The performance of the Welsh economy was the focal point of discussions of a group of representatives of Welsh businesses today [4 Dec 2012], as the Secretary of State for Wales, David Jones hosted the eighth Business Advisory Group meeting in London.
Chairing his first meeting since taking his seat in the Cabinet, Mr Jones welcomed members of the group to Gwydyr House where they engaged in a round table discussion on the current business environment, and their response to the current economic challenges. The group was also given a presentation on the findings of Part 1 of the Commission on Devolution in Wales’ (Silk Commission) report on Welsh fiscal devolution by Professor Nick Bourne.
Mr Jones said:
Getting the economy back on track is this government’s number one priority, and I was delighted to have the opportunity to meet with representatives of Welsh businesses to hear first hand about trading conditions in Wales.
The challenging economic conditions we are facing have not made things easy. Indeed, the business environment in Wales has suffered two large losses in the last month with the news of job losses at Tata Steel and Paramount Foods in North Wales.
But even in these difficult times, there are encouraging signs.The recent positive GDP figures, coupled with rising employment and falling unemployment, is a sign that the British economy is on the right track. There are significant grounds to believe that Wales’s prospects will improve significantly over the next 12 months.
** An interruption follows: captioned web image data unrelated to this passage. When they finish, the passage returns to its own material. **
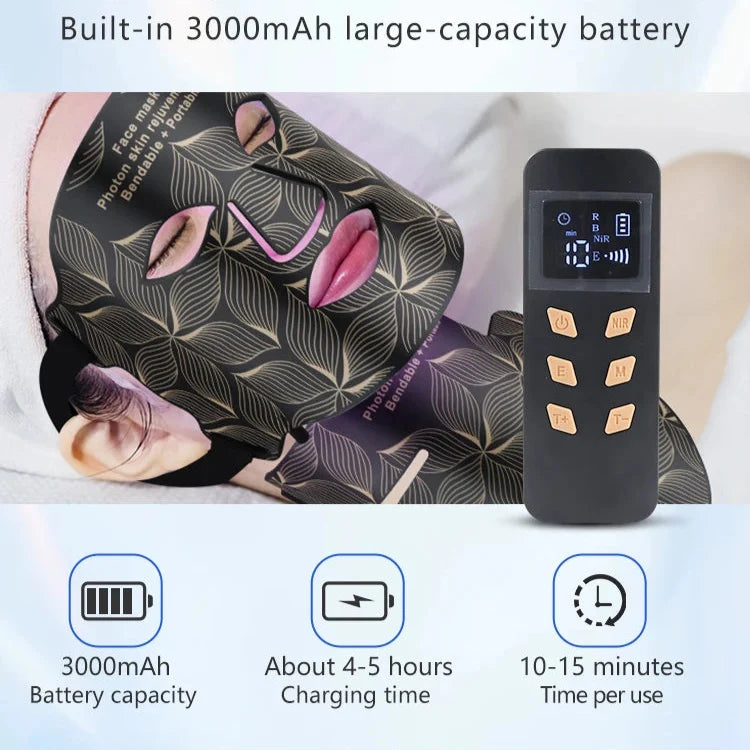 8-färgad LED ansikts- och halsmask | Flexibel silikon, nära-infrarött ljus & 3000 mAh batteri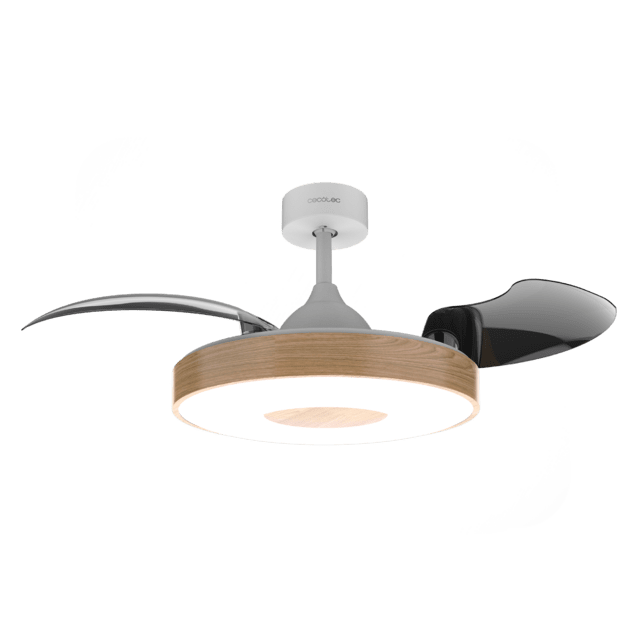 Cecotec EnergySilence Aero 4280 Invisible LightWood Ventilador De Techo Con Aspas Retráctiles Con Motor DC De 65W Y 42" Con Iluminación LED Temporizador Mando A Distancia Y Modo Winter-summer. Ventilador De Techo 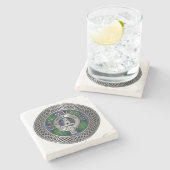 Clan Malcolm Wappen & Tartan Knot Steinuntersetzer (Seitenansicht)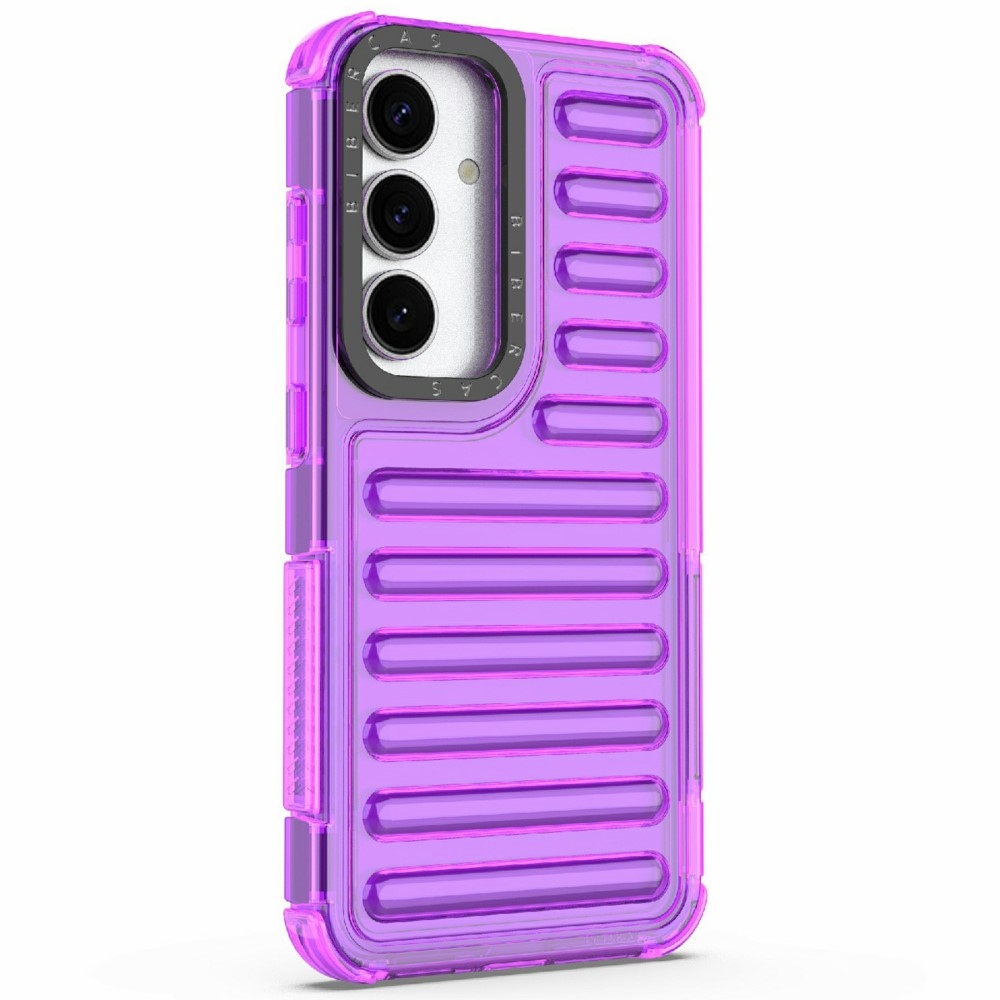 Csíkos tartós borító Samsung Galaxy S25 készülékhez - lila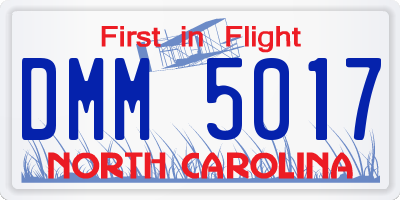 NC license plate DMM5017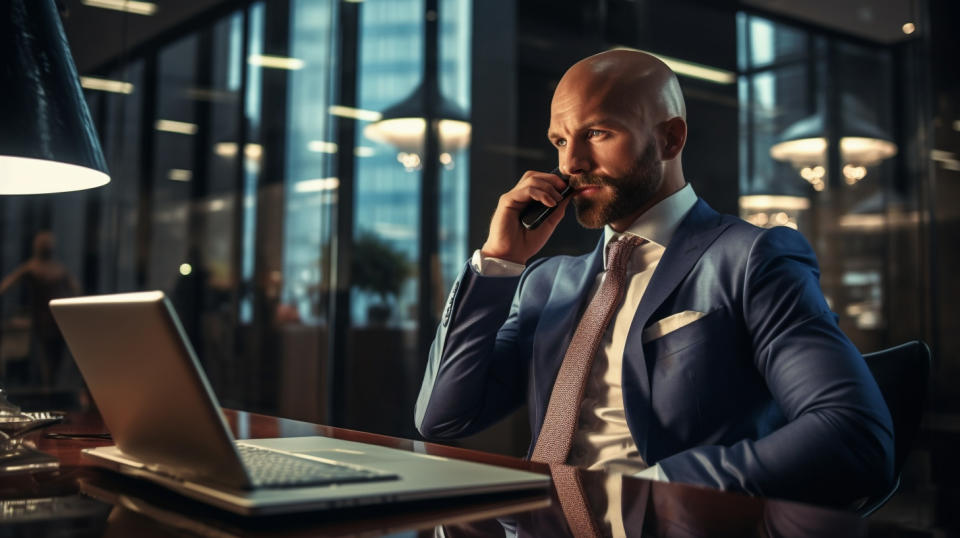 A businessman in a suit on a conference call, discussing important financial strategies.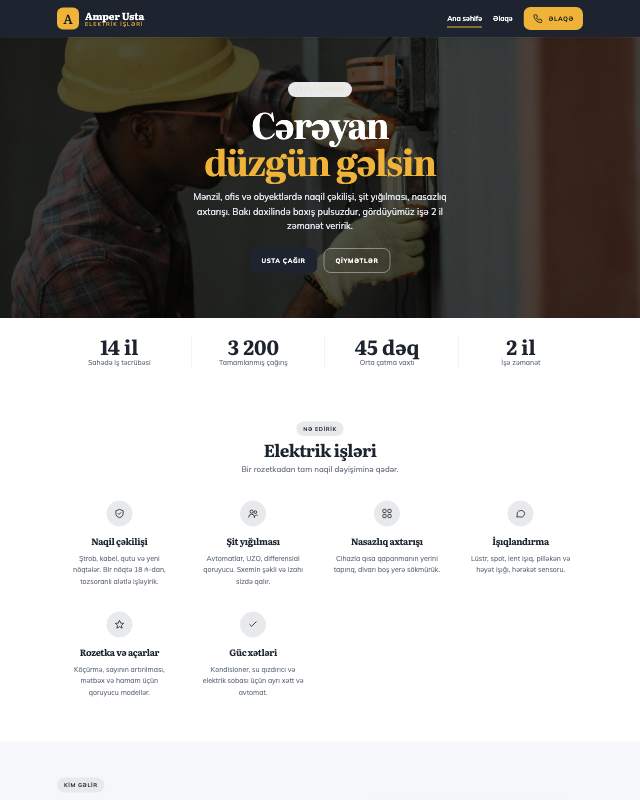 Elektrik xidməti · Canlı sayt dizaynının ekran görüntüsü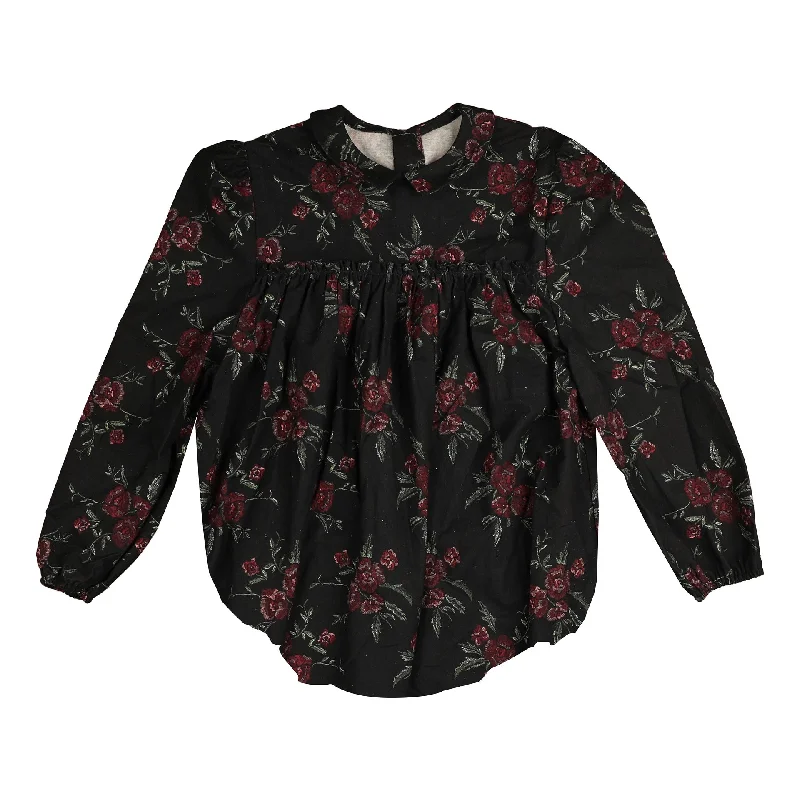 Belati Black Floral Collared Romper (BBB330) Traditional Women's 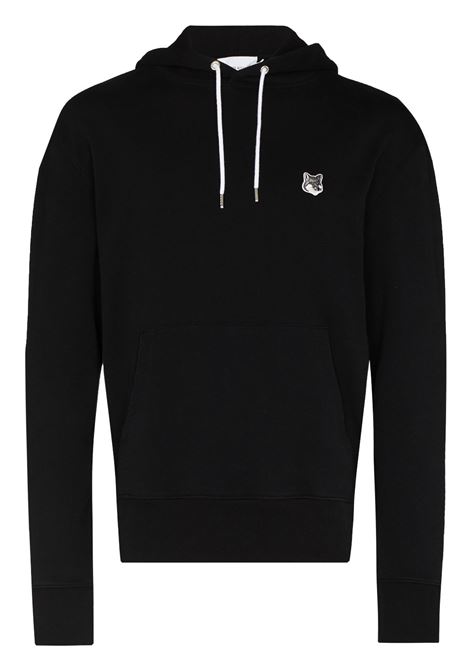 Black fox-patch sweatshirt - unisex MAISON KITSUNÉ | GU00335KM0002P199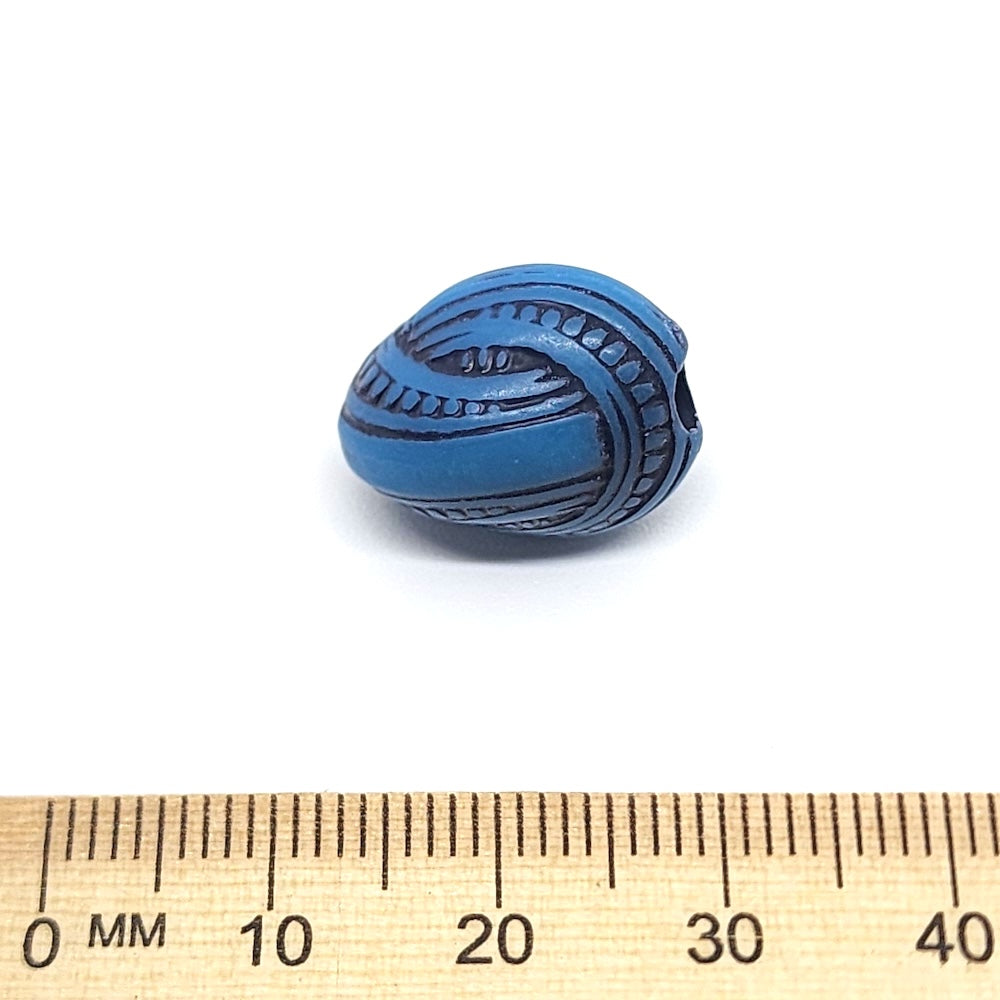 17x13mm Oval Knot (10) - Blue w. Black - South Western Style Vintage Beads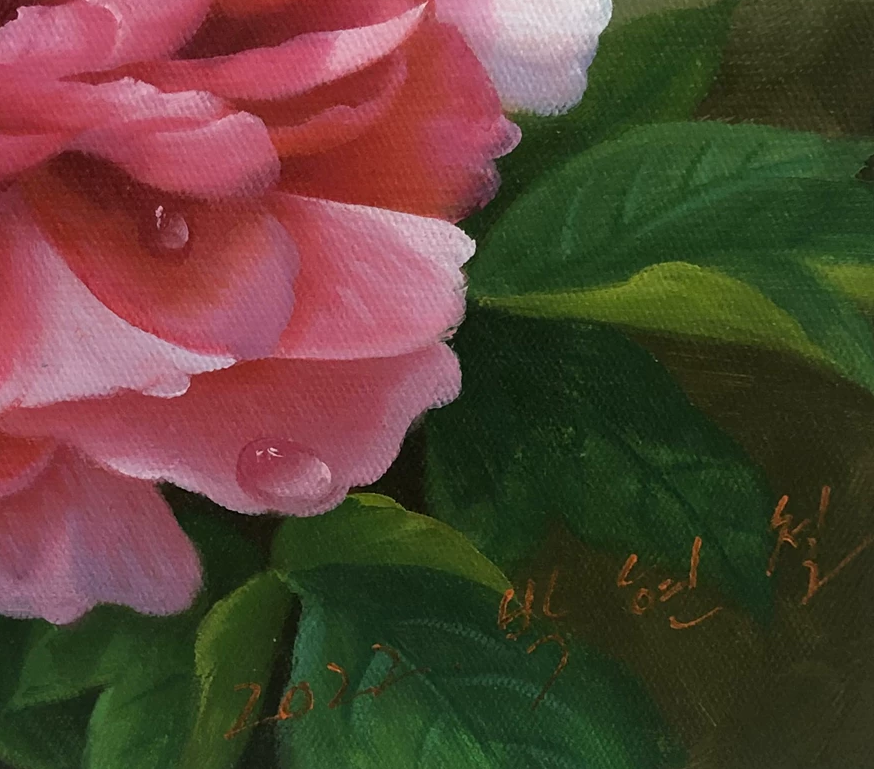 "The Symphony of Peonies & Prosperity" - Original Fine Still Life Oil Painting by Merited Artist Park Hyun Chol | 116x66cm Large Scale Hand-Painted Masterpiece Canvas 12560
The recent decisions we have taken on infrastructure investments - such as the further programme of electrification we announced in July - are helping to show that Wales is open for business and a great place to invest. Hitachi’s £10 billion investment in new nuclear at Wylfa B on Anglesey is one of the most significant investments in North Wales for generations, and we are committed to building a strong business case for further electrification of the railway line from Holyhead to Crewe.
The UK Guarantees Scheme is further proof of how important infrastructure development is to this government’s growth agenda. Under the Scheme launched by the Chancellor George Osborne in July this year, up to £40 billion of funding will be underwritten for infrastructure projects that have been put on hold following difficulties in raising money from private investors.
Today, I updated members on the importance of Welsh companies seizing the opportunity to strengthen our economic assets in Wales, and dramatically accelerate major infrastructure investment.”
Following the roundtable discussion, Professor Nick Bourne updated the group on the Silk Commission’s report Empowerment and Responsibility: Financial Powers to Strengthen Wales, which was published last month. The report makes recommendations to devolve certain tax and borrowing powers to the National Assembly for Wales and the Welsh government.
During 2013, the Commission on Devolution will turn its attention to the second part of its remit, looking at the powers of the Assembly and recommending modifications to the present constitutional arrangements that would enable the Welsh devolution settlement to work more effectively. It will report on Part II by spring 2014.
Mr Jones continued:
I am grateful to Professor Bourne for taking the time to update the group on the Silk Commission’s findings in Part 1 of its work. The UK government will now consider the recommendations made and will respond formally in due course.
As they look ahead to Part II, I would urge businesses in Wales take the opportunity to engage with the commission and provide their own views on the case for any modifications to the Welsh devolution settlement.